Do truth and objectivity occupy the same realm of meaning, in terms of science and journalism? On April 24, UCSB’s Art History Graduate Student Association hosted its 40th Annual Symposium in the University Center, this year’s theme titled “Truth Claims.” The event lasted from 8:30 a.m. to 5:30 p.m., featuring professors from a selection of prestigious universities to speak, such as UCLA and the California College of the Arts.
Peter Galison, professor of History of Science and Physics at Harvard University, delivered the keynote address by exploring the relationship between the two concepts of truth and objectivity in a three-hour lecture. His work consists of an impressive list of publications and awards, having published three books and receiving the MacArthur Fellowship in 1996. Dr. Galison’s scholarship frequently synthesizes science along with other fields, such as art or architecture, to obtain a stronger grasp on his studies.

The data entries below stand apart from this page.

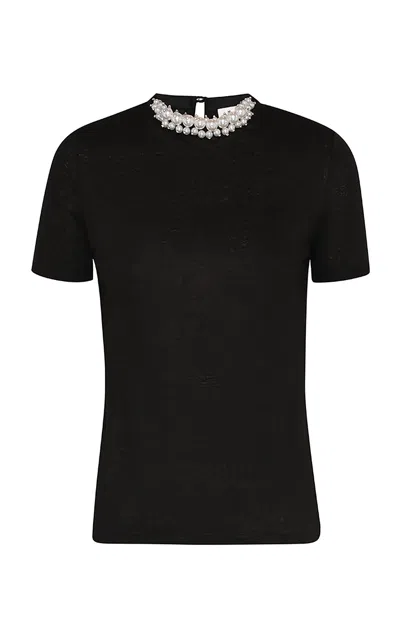 ZIMMERMANN CRUSH EMBELLISHED LINEN T-SHIRT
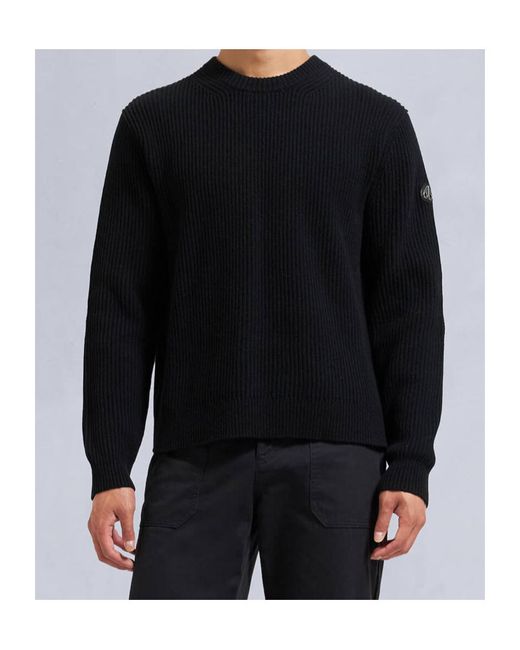 Moose Knuckles Black Long-Sleeved Round-Neck Sweater for men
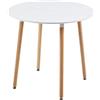 EGGREE Tavolo da Cucina Rotondo Moderno di Design Tavolo da Pranzo in Legno Scandinavo,Gambe in Legno Massello, 80 x 75 cm Bianco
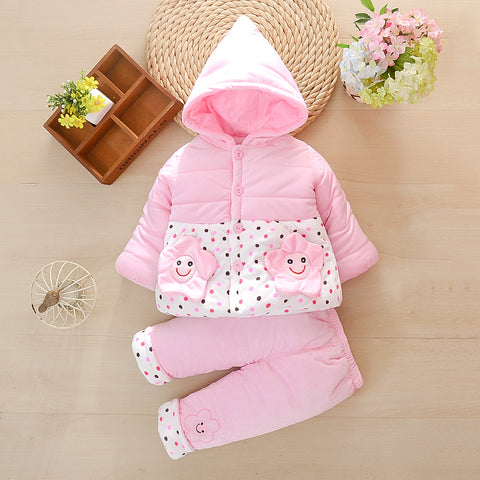 Conjunto de chaqueta acolchada con capucha y pantalones cálidos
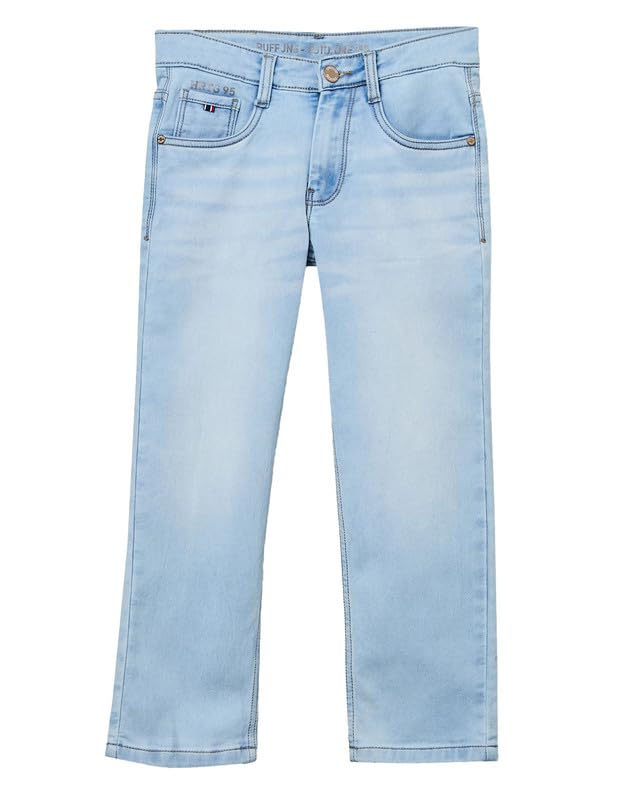 RUFF Boys Light Blue Washed Denim Jeans | Full Length | Casual Wear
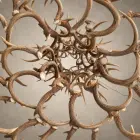 Looking up into the 6 tier whitetail antler chandelier, showing curved whitetail antlers spiraling out from the center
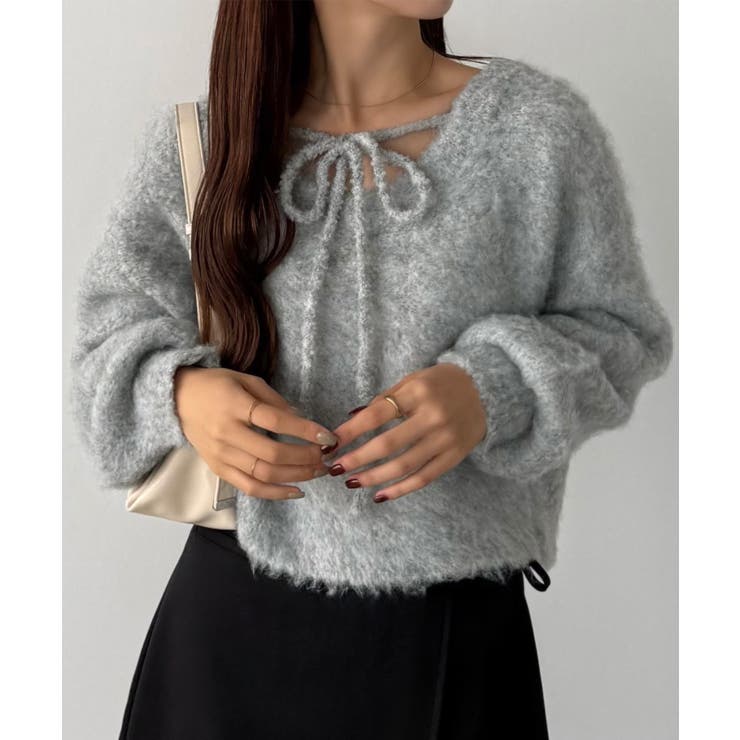 グレー | callautia 前後２wayリボンシャギーニット | JUNOAH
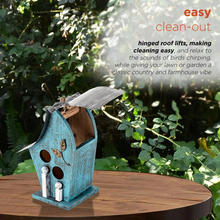 Load image into Gallery viewer, 12 in. Tall Outdoor Hanging Wood and Metal Birdhouse, Blue
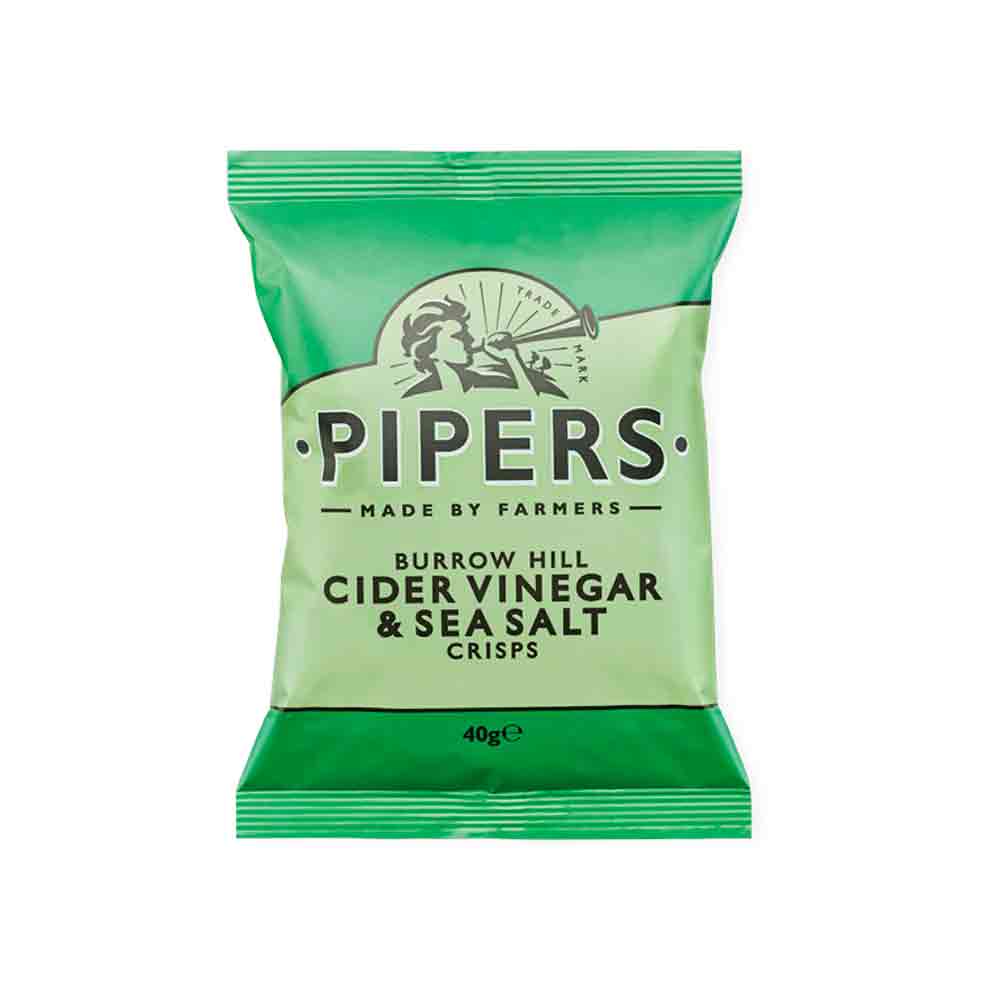 Pipers Crisp Cider Vinegar and Sea Salt Potato Chips 40 grams green packet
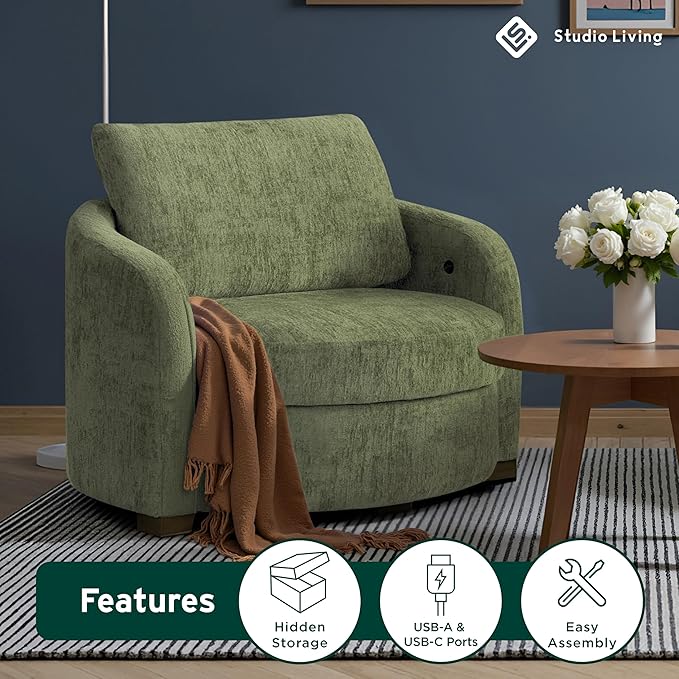 Studio Living® Manchester 44.1" Storage Chair, Modern Farmhouse, Pocket Coil Comfort, USB A & C Power, Easy Assembly, Chenille Fabric, Olive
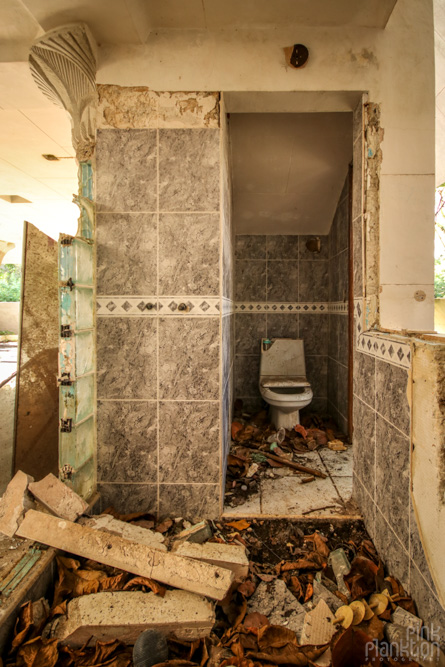 washroom in abandoned pyramid mansion in Playa del Carmen Mexico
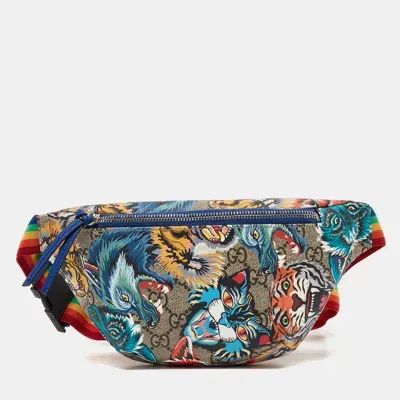 Pre-owned Gucci Multicolor Printed Gg Supreme Canvas Belt Bag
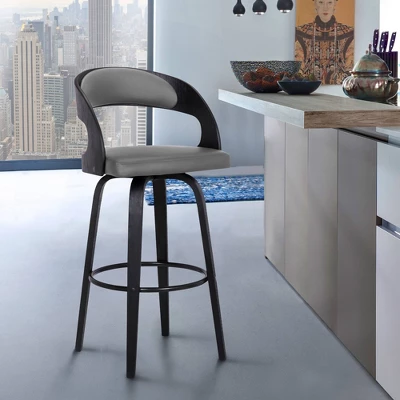 30" Shelly Contemporary Barstool Black/Gray - Armen Living 8 30" Shelly Contemporary Barstool Black/Gray - Armen Living - Image 6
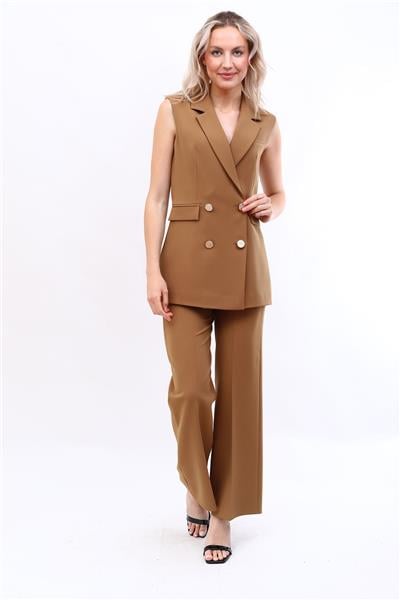 Blazer  Yelek & Bol Paça Pantolon-Camel
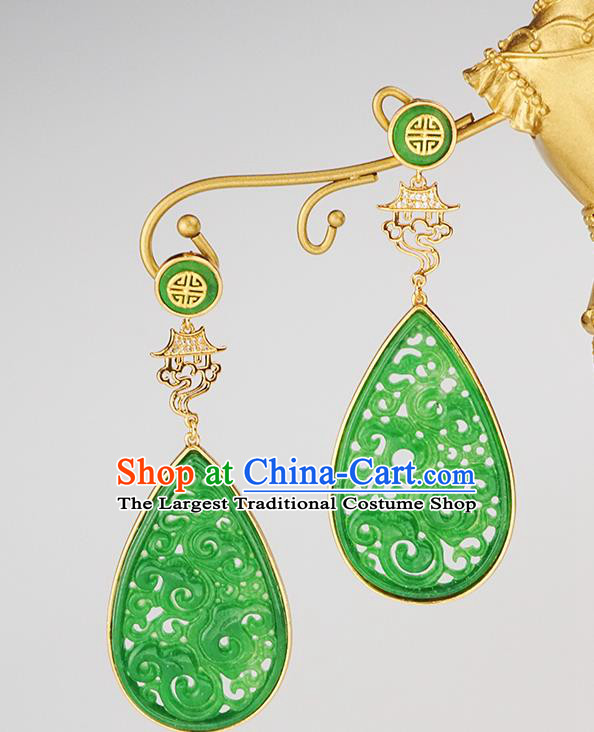 Top Grade Chinese Handmade Golden Palace Ear Jewelry Traditional Accessories Classical Cheongsam Jade Earrings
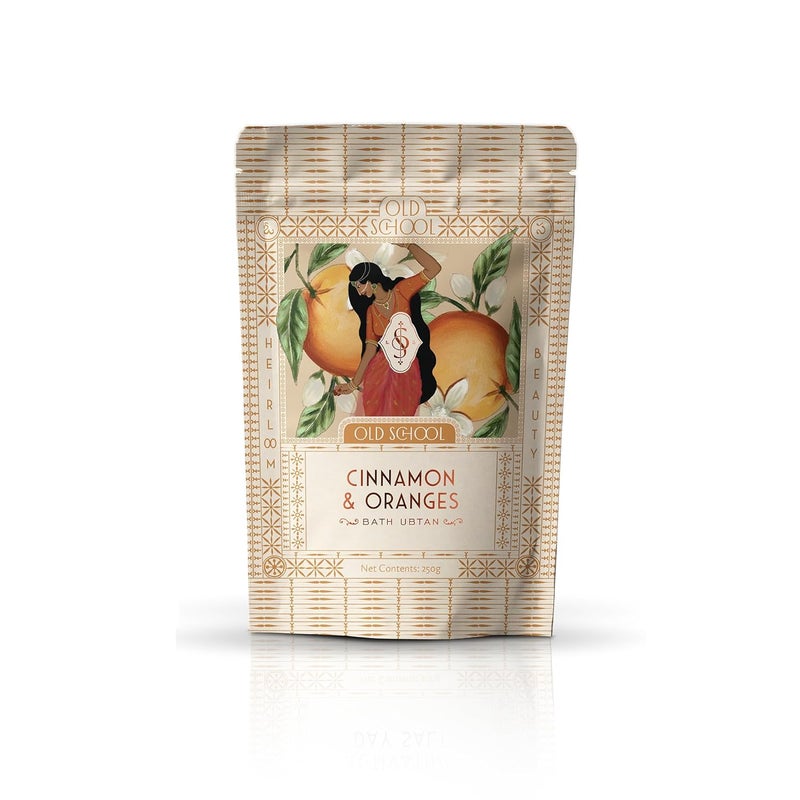 Old School Rituals Cinnamon  Oranges Bath Ubtan  Exfoliating  AcneFighting Body Wash Powder  Rich in Vitamin C for a Natural Glow  Vegan  Blend with Rice  Dal Powders  250g - Image 1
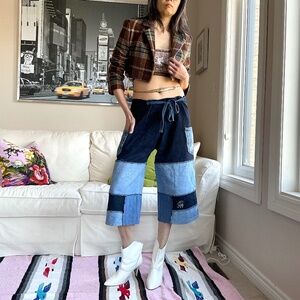 Denim reworked patch cropped jeans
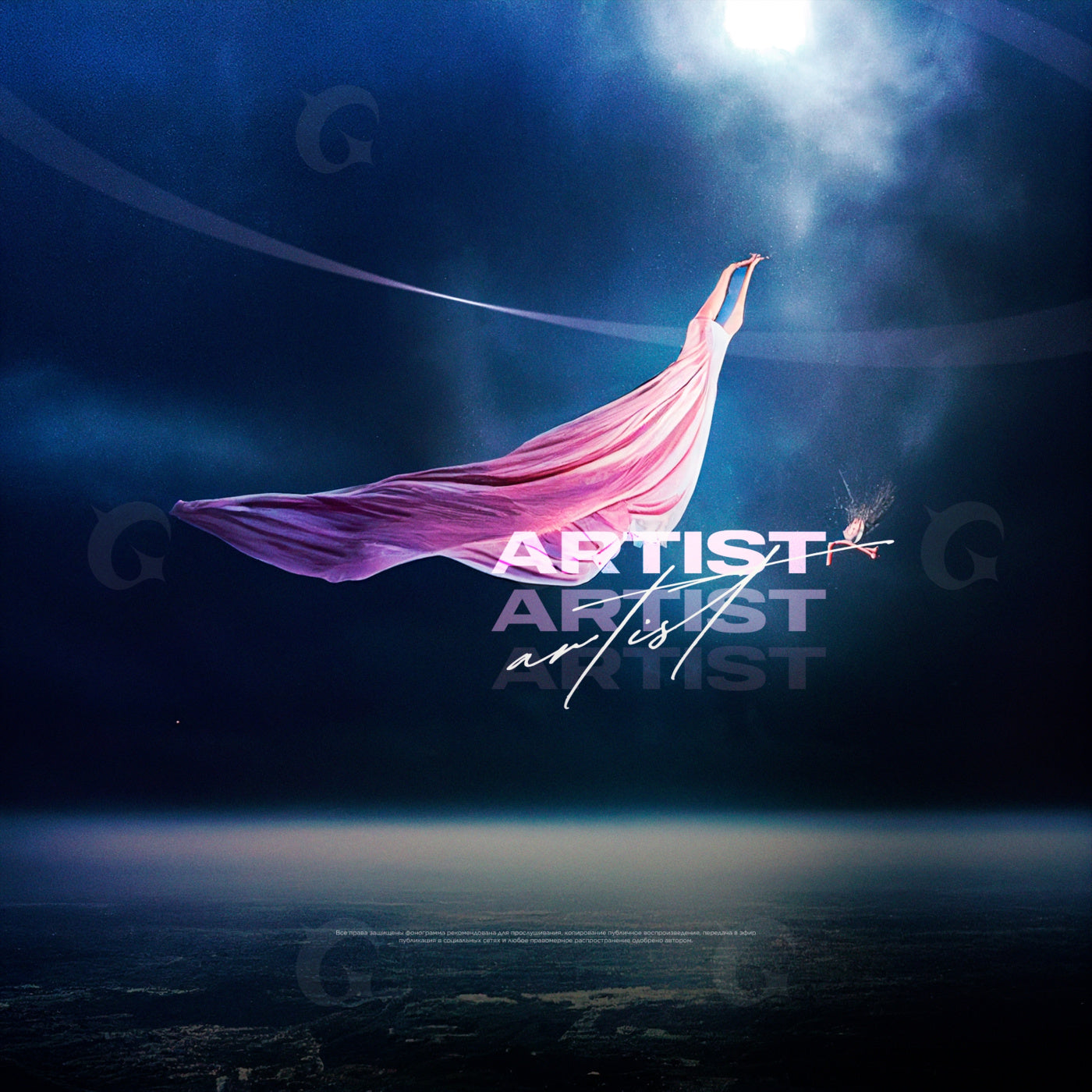 Woman floating above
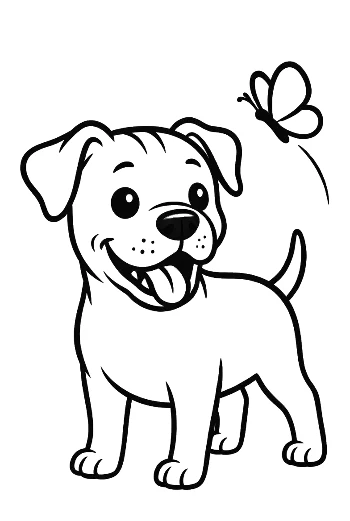 Playful Pitbull Puppy Chasing a Butterfly in the Yard Spring Coloring Page Printable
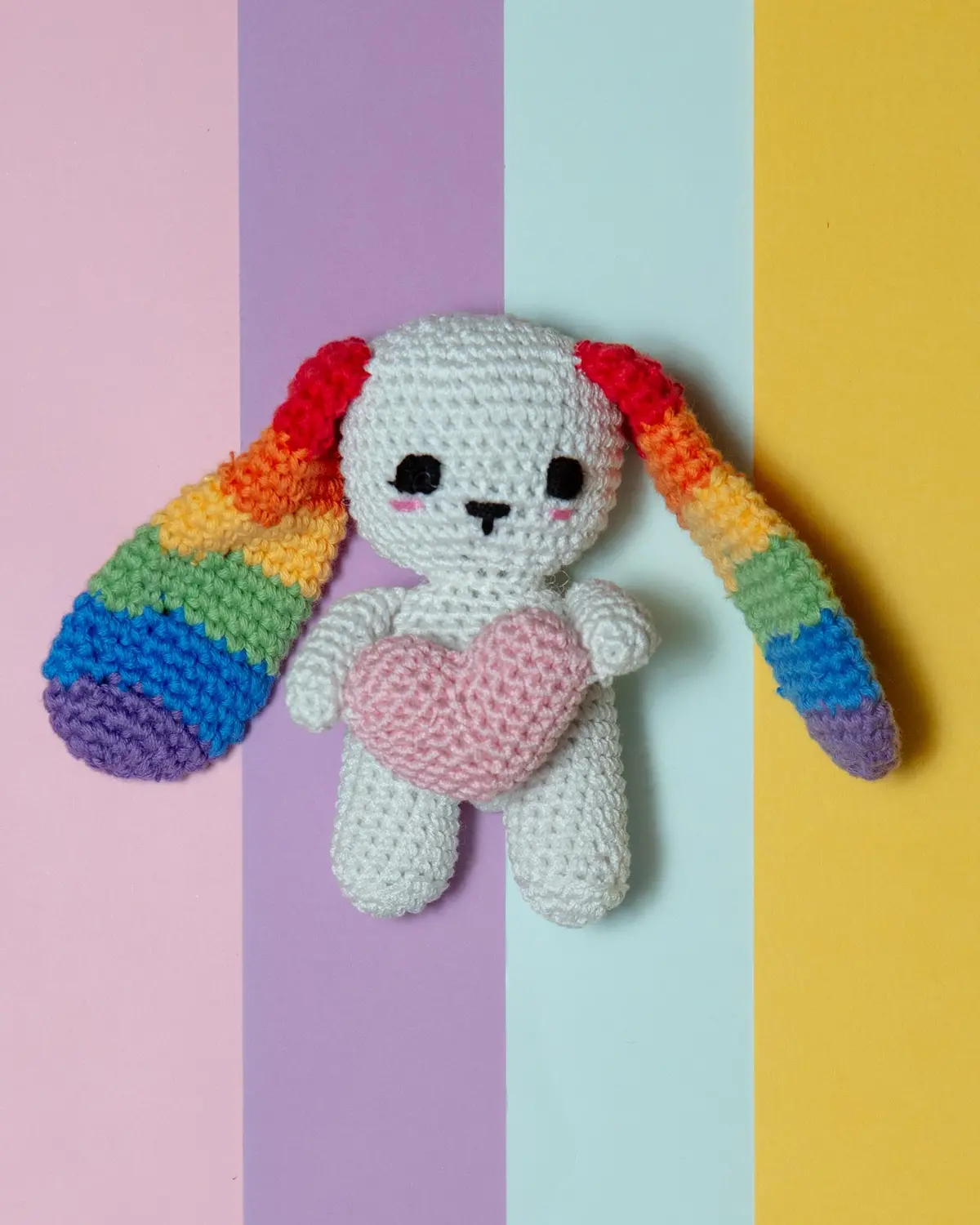 Rachel The Rainbow Rabbit Cotton Knit Dog Toy 1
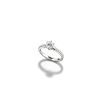 925 Sterling Silver Lab-Grown Diamond Ring | Round Solitaire with Pavé Twist Band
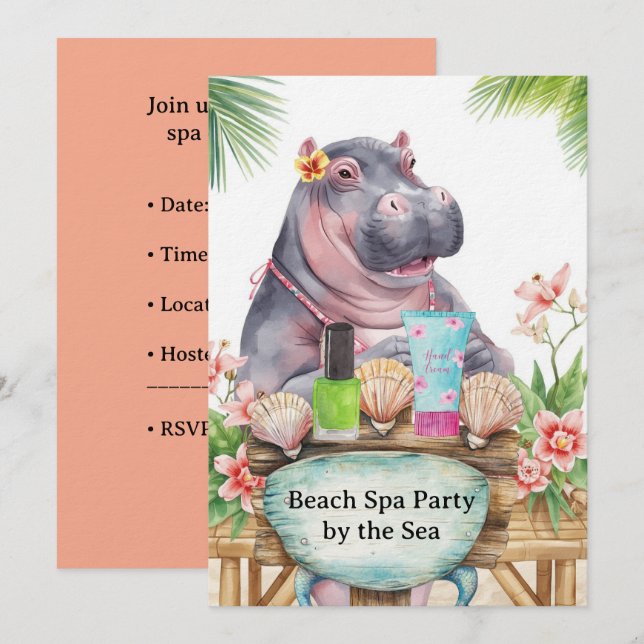  Hippo in Bikini Manicure Coastal Beauty beach spa Einladung (Vorne/Hinten)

The audience was an eclectic mix of folks, some clad in bright geometric patterns and chromatic alligator printed socks, others accessorized with extravagantly large pearls and exposed small tattoos of famous art pieces. While the event granted opportunity for guests to advertise their own individual style, they all shared one goal: to assemble in a splashy flock to take notes and absorb the speakers’ lectures.
Dr. Galison began the lecture by clarifying the definition of “objectivity,” assisted by a clean and terse PowerPoint presentation stocked with exemplary illustrations and images. He argued the concept of objectivity in opposition to truth to emphasize the clear distinction between the two. By separating the two concepts as individual entities, then one can begin the process of perceiving an image from multiple angles.
“We end up not seeing at all the imperfections and idiosyncrasies of individual objects,” spoke Dr. Galison on what limitations we impose on truth. In addition to truth limitations, he also considered how notions of objectivity, a concept often understood as stagnant and unbiased, evolve over time. He moved on to discuss technological influence over images, particularly Photoshop manipulations. “What we want from images in science has changed,” he commented.
The conclusion of the lecture examined how far Photoshop manipulations could reach before transforming an image into a fraud. Objectivity and truth are both concepts intended to remain impartial. However, Dr. Galison’s studies have provided ample evidence to distinguish the two as separate entities.
He then opened up the floor for questions to an audience of intrigued graduate students and contemplative professors. Most likely, Dr. Galison might have sparked a new research interest for unfinished and uninspired dissertations.